:: MATERIAL FOR THIS EXERCISE ::
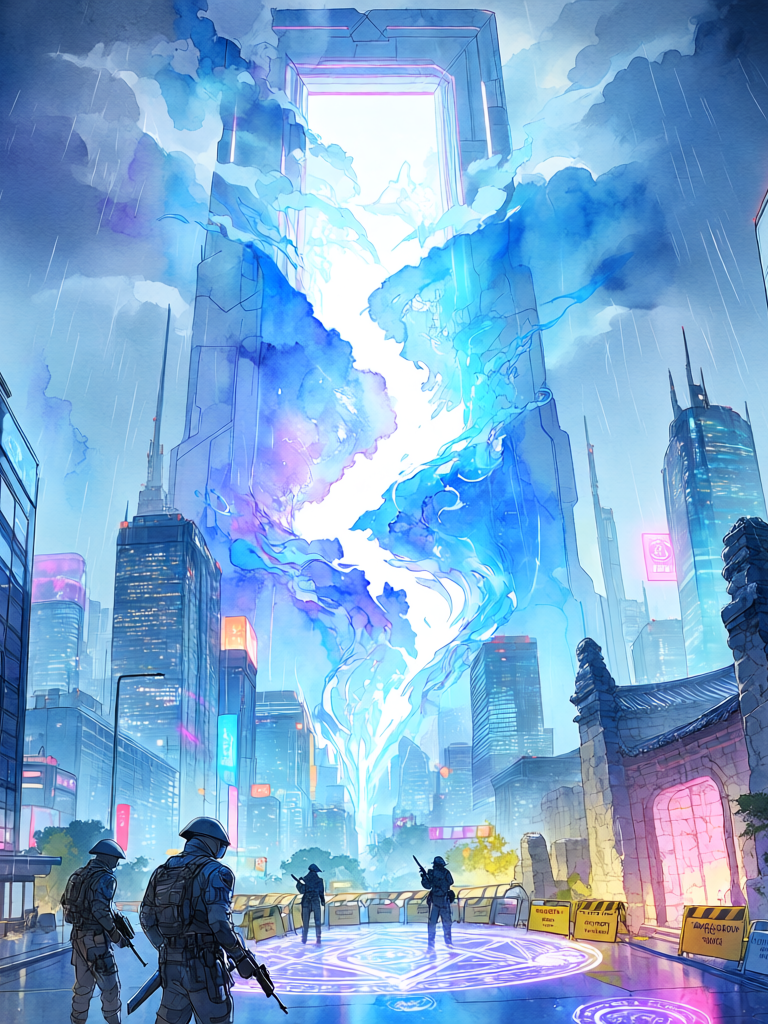 헌터 RPG 대표 이미지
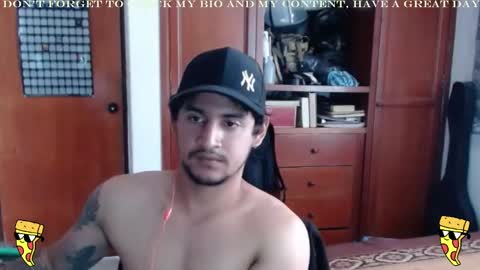 Bruno Diamond online show from February 17, 3:31 pm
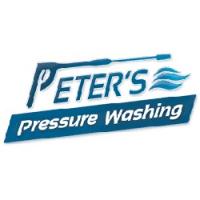 Peter’s Pressure Washing Logo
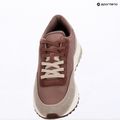 Мъжки обувки Calvin Klein HM0HM02144 City Runner Laceup Nylon Mix muddy brown/desert taupe/oatmeal 9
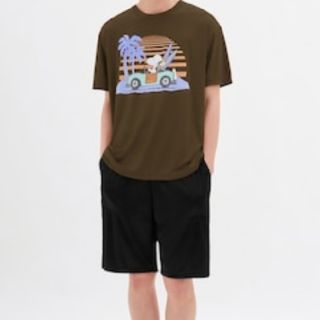 Gu Gu ラウンジセット Snoopy Mサイズ メンズ ルームウェア ラウンジの通販 By Happy Place Shop ジーユーならラクマ Gu Gu ラウンジセット Snoopy Mサイズ メンズ ルームウェア ラウンジの通販 By Happy Place Shop ジーユーならラクマ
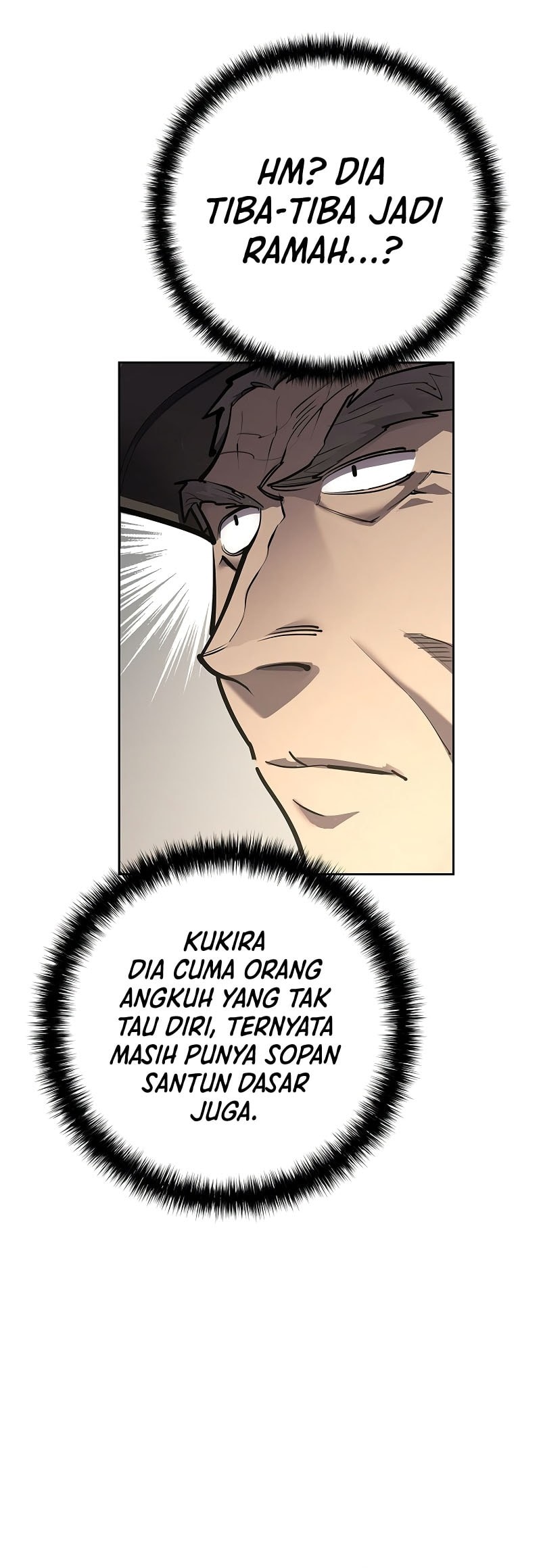 The Sword God From A Fallen World Chapter 26 Gambar 16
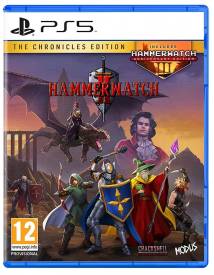 Hammerwatch II The Chronicles Edition voor de PlayStation 5 kopen op nedgame.nl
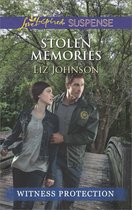 Stolen Memories (Mills & Boon Love Inspired Suspense)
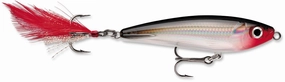 Rapala XRSB-15 X-Rap Subwalk Subsurface Walker - 6 Inch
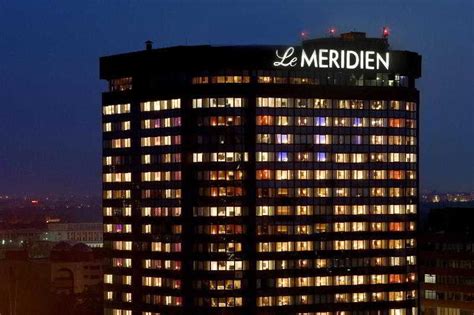 Le Meridien New Delhi en Delhi | BestDay.com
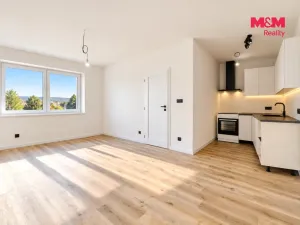 Pronájem bytu 2+kk, Tlučná, Tlučenská kolonie, 40 m2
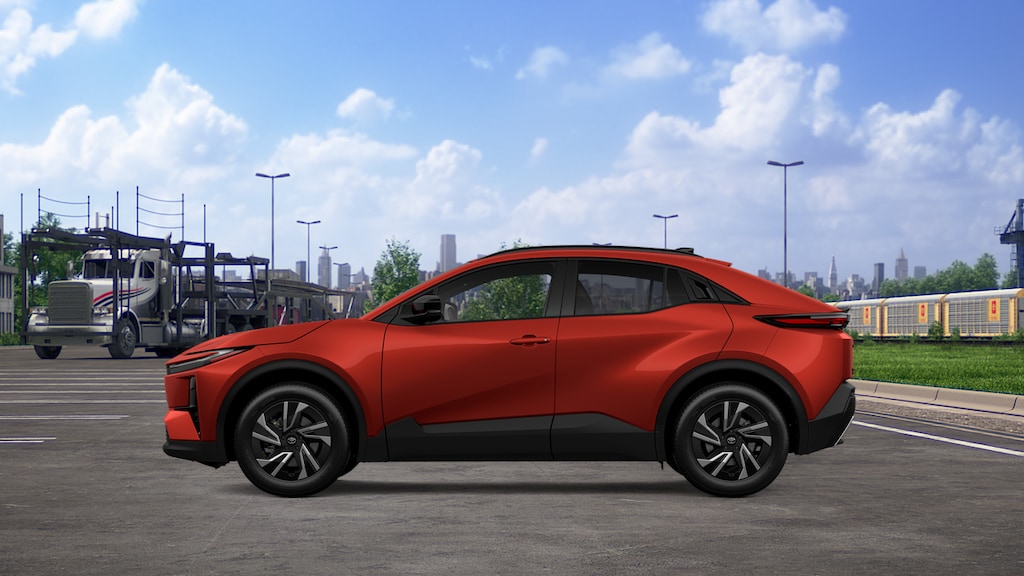 New 2026 Toyota C-HR SE SUV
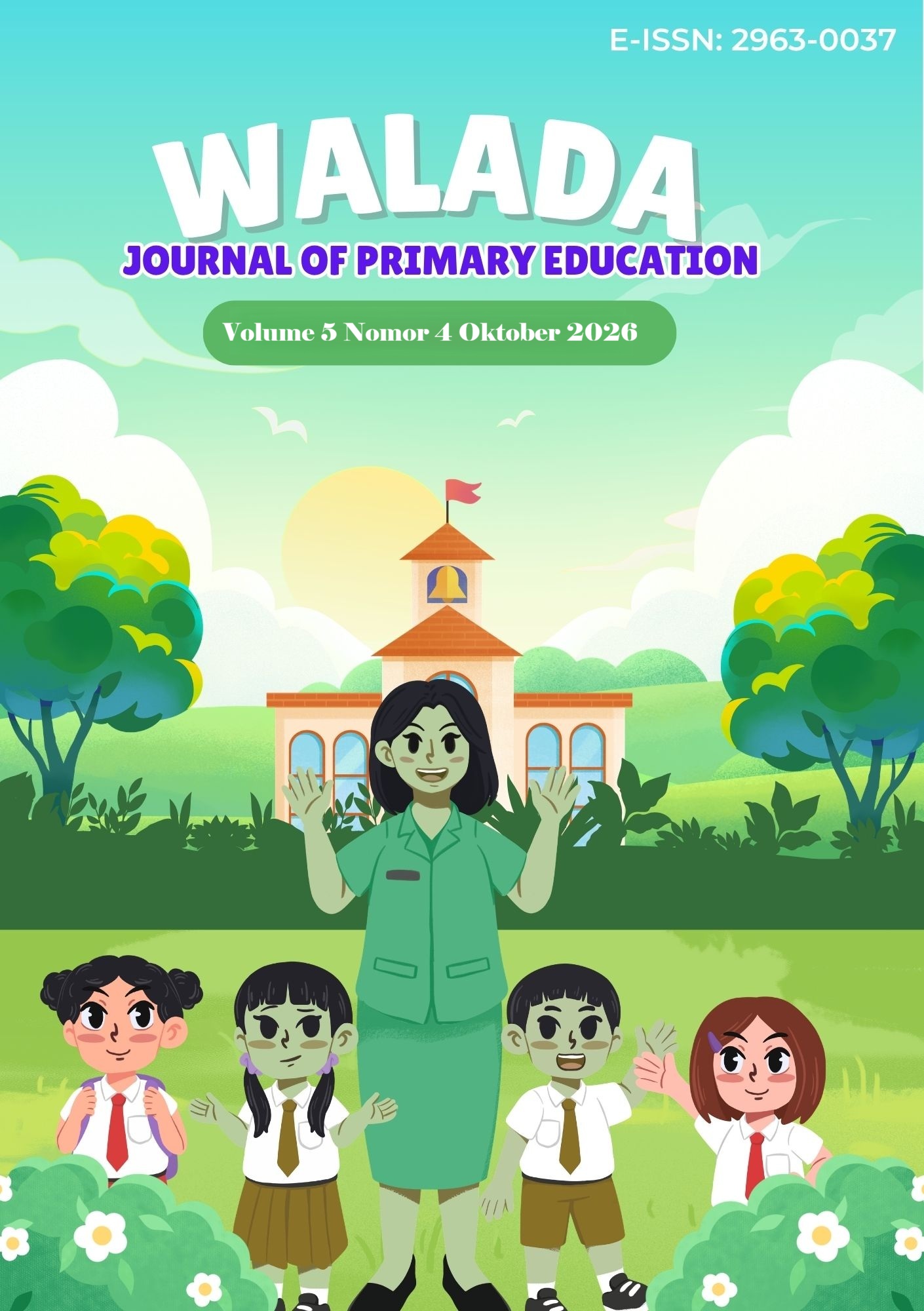 					View Vol. 5 No. 4 (2026): Walada: Journal of Primary Education
				
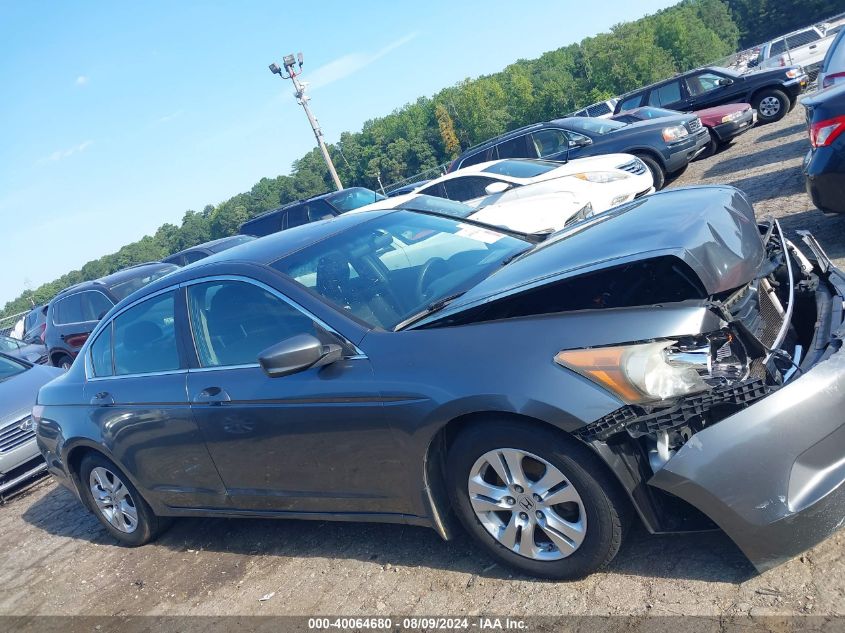 JHMCP26498C002336 2008 Honda Accord Lxp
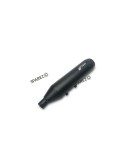 Fit For Royal Enfield Bear 650 Stainless Steel Exhaust Silencer Black    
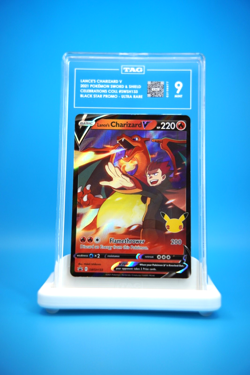 Lance's Charizard V SWSH133 SWSH: Sword & Shield Promo Cards Holo - Image 1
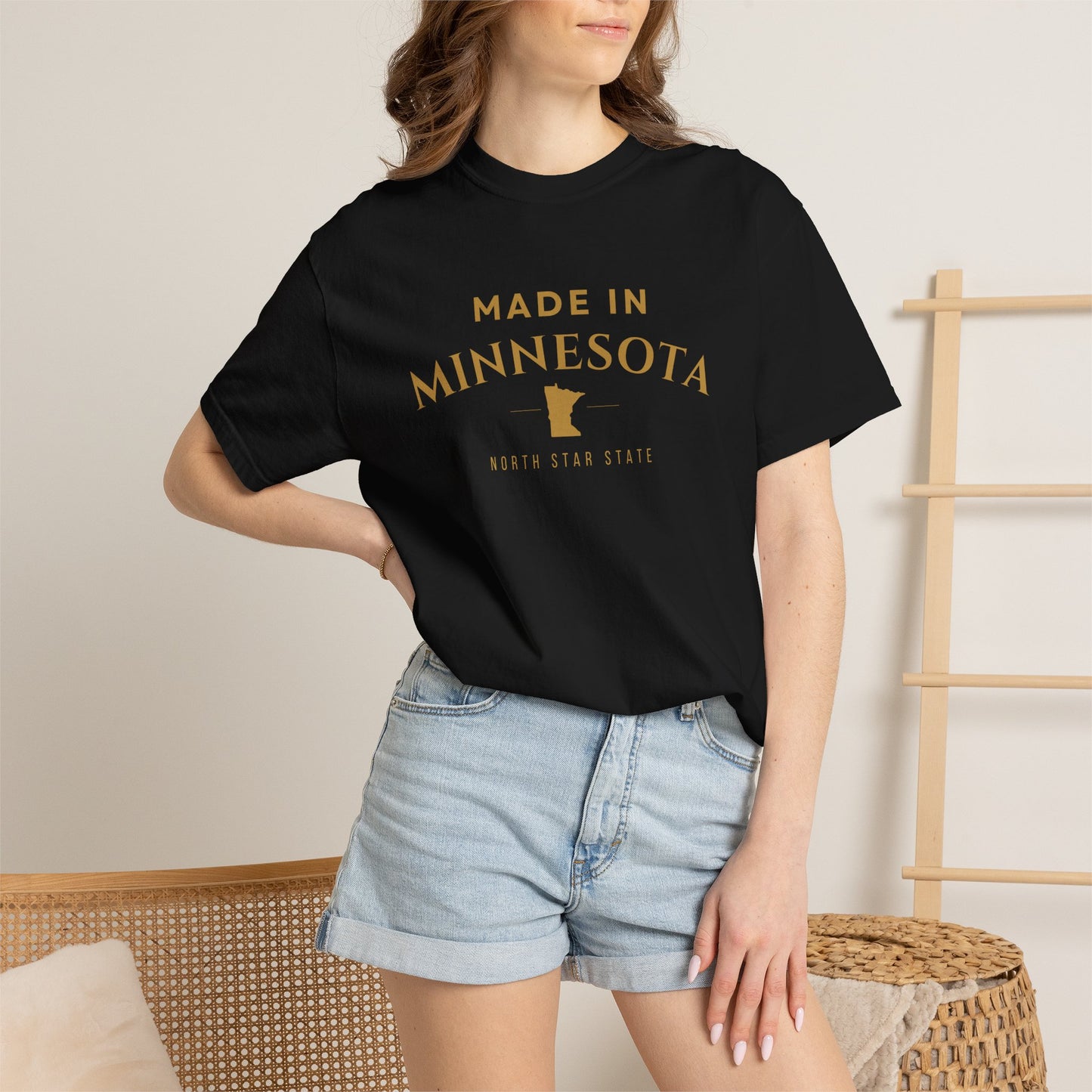 Made in Minnesota Heritage Classic Tee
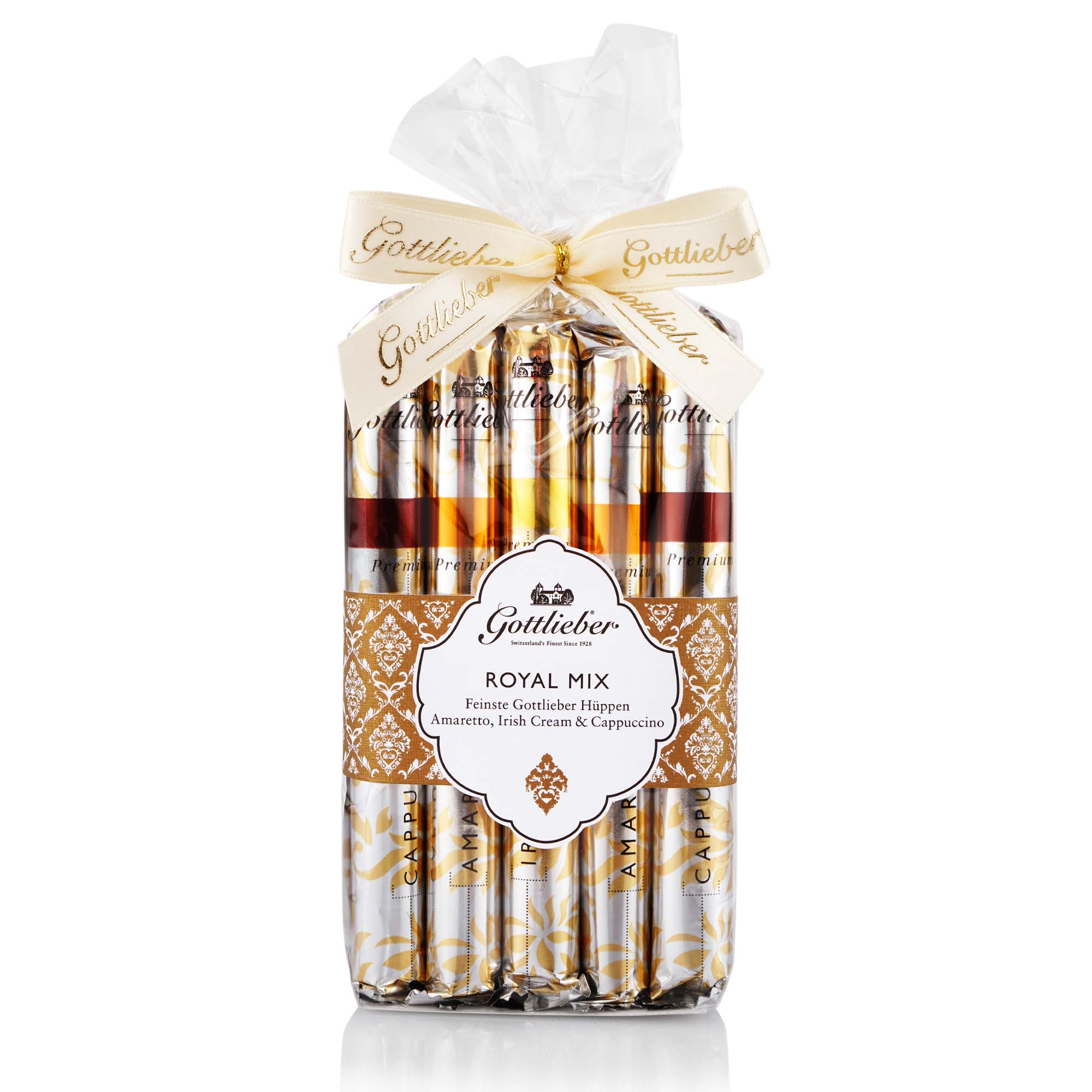 Gottlieber Royal Mix im Säckli, 150g Gottlieber Royal Mix im Säckli, 150g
:::
== WHAT IS REQUIRED ==
Each line above should be output exactly, apart from the pictures.

== SOLVED EXERCISE ==
 헌터 RPG 대표 이미지
 Bruno Diamond online show from February 17, 3:31 pm
 Peter’s Pressure Washing Logo
 Мъжки обувки Calvin Klein HM0HM02144 City Runner Laceup Nylon Mix muddy brown/desert taupe/oatmeal 9
 Gu Gu ラウンジセット Snoopy Mサイズ メンズ ルームウェア ラウンジの通販 By Happy Place Shop ジーユーならラクマ Gu Gu ラウンジセット Snoopy Mサイズ メンズ ルームウェア ラウンジの通販 By Happy Place Shop ジーユーならラクマ
 The Sword God From A Fallen World Chapter 26 Gambar 16
 Hammerwatch II The Chronicles Edition voor de PlayStation 5 kopen op nedgame.nl
 Stolen Memories (Mills & Boon Love Inspired Suspense)
 Rapala XRSB-15 X-Rap Subwalk Subsurface Walker - 6 Inch
 Le Meridien New Delhi en Delhi | BestDay.com
 Pronájem bytu 2+kk, Tlučná, Tlučenská kolonie, 40 m2
 New 2026 Toyota C-HR SE SUV
 					View Vol. 5 No. 4 (2026): Walada: Journal of Primary Education
				
 JHMCP26498C002336 2008 Honda Accord Lxp
 Fit For Royal Enfield Bear 650 Stainless Steel Exhaust Silencer Black    
 Lance's Charizard V SWSH133 SWSH: Sword & Shield Promo Cards Holo - Image 1
 Made in Minnesota Heritage Classic Tee
 Gottlieber Royal Mix im Säckli, 150g Gottlieber Royal Mix im Säckli, 150g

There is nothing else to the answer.